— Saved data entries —

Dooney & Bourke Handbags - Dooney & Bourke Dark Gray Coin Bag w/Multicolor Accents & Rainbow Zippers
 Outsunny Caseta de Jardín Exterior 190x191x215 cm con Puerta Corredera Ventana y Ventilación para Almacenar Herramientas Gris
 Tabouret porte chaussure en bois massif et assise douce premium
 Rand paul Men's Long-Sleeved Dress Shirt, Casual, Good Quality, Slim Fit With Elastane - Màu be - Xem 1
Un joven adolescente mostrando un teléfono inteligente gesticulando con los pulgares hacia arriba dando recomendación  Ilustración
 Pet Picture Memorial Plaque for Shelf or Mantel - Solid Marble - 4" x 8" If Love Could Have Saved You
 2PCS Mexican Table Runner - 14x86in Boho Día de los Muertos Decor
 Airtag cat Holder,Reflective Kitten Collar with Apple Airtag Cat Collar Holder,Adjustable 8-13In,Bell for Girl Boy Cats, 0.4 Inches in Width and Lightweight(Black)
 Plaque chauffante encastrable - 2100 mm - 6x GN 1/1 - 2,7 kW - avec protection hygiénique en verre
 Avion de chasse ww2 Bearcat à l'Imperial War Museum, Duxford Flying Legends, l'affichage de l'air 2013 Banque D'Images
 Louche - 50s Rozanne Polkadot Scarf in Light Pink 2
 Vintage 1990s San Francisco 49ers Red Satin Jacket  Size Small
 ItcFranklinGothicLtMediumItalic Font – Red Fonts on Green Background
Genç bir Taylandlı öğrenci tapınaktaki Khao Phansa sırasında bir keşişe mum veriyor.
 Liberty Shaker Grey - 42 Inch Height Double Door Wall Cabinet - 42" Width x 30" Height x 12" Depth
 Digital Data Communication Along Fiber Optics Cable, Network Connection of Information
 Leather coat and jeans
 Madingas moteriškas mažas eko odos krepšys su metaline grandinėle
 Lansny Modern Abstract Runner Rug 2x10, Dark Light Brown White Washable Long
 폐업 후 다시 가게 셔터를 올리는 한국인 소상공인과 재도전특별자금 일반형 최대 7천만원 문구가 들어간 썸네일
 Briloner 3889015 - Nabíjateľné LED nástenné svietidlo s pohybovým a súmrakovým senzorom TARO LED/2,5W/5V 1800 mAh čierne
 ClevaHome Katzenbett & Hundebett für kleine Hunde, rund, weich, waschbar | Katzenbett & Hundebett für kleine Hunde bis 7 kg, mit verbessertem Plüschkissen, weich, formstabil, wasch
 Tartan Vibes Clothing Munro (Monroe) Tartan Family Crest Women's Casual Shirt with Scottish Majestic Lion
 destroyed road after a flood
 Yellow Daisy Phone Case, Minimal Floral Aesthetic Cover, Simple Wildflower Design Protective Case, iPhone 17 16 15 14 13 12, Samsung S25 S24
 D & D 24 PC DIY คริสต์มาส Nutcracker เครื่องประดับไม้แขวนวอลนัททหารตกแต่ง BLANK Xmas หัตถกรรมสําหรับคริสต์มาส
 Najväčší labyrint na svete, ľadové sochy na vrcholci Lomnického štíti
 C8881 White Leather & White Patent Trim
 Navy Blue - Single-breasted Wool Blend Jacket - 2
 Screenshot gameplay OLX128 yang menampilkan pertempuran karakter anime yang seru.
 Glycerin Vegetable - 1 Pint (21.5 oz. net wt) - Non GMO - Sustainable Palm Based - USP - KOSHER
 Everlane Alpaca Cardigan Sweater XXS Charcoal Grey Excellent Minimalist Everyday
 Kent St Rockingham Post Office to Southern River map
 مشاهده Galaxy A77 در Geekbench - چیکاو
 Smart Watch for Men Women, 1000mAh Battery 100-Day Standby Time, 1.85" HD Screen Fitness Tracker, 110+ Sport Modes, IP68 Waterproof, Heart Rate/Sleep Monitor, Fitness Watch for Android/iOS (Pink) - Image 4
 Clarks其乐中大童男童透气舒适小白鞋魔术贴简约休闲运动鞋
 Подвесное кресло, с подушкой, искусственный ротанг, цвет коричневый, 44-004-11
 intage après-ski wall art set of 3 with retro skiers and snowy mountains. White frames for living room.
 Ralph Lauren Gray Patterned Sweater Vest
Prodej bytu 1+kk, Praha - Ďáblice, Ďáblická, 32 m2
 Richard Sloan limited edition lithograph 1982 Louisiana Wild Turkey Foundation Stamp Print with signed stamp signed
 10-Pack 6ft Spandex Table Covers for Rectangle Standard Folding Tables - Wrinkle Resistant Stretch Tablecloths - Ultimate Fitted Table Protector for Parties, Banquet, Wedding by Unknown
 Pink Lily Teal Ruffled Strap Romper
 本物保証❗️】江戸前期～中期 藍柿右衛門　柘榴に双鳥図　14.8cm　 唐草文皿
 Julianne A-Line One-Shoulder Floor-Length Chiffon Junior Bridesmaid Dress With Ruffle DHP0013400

— Exercise prompt —
Of the lines above, retype only those from the line containing "Tartan Vibes Clothing" through the line containing "Prodej bytu 1+kk, Praha", including both, exactly.

— Solution —
 Tartan Vibes Clothing Munro (Monroe) Tartan Family Crest Women's Casual Shirt with Scottish Majestic Lion
 destroyed road after a flood
 Yellow Daisy Phone Case, Minimal Floral Aesthetic Cover, Simple Wildflower Design Protective Case, iPhone 17 16 15 14 13 12, Samsung S25 S24
 D & D 24 PC DIY คริสต์มาส Nutcracker เครื่องประดับไม้แขวนวอลนัททหารตกแต่ง BLANK Xmas หัตถกรรมสําหรับคริสต์มาส
 Najväčší labyrint na svete, ľadové sochy na vrcholci Lomnického štíti
 C8881 White Leather & White Patent Trim
 Navy Blue - Single-breasted Wool Blend Jacket - 2
 Screenshot gameplay OLX128 yang menampilkan pertempuran karakter anime yang seru.
 Glycerin Vegetable - 1 Pint (21.5 oz. net wt) - Non GMO - Sustainable Palm Based - USP - KOSHER
 Everlane Alpaca Cardigan Sweater XXS Charcoal Grey Excellent Minimalist Everyday
 Kent St Rockingham Post Office to Southern River map
 مشاهده Galaxy A77 در Geekbench - چیکاو
 Smart Watch for Men Women, 1000mAh Battery 100-Day Standby Time, 1.85" HD Screen Fitness Tracker, 110+ Sport Modes, IP68 Waterproof, Heart Rate/Sleep Monitor, Fitness Watch for Android/iOS (Pink) - Image 4
 Clarks其乐中大童男童透气舒适小白鞋魔术贴简约休闲运动鞋
 Подвесное кресло, с подушкой, искусственный ротанг, цвет коричневый, 44-004-11
 intage après-ski wall art set of 3 with retro skiers and snowy mountains. White frames for living room.
 Ralph Lauren Gray Patterned Sweater Vest
Prodej bytu 1+kk, Praha - Ďáblice, Ďáblická, 32 m2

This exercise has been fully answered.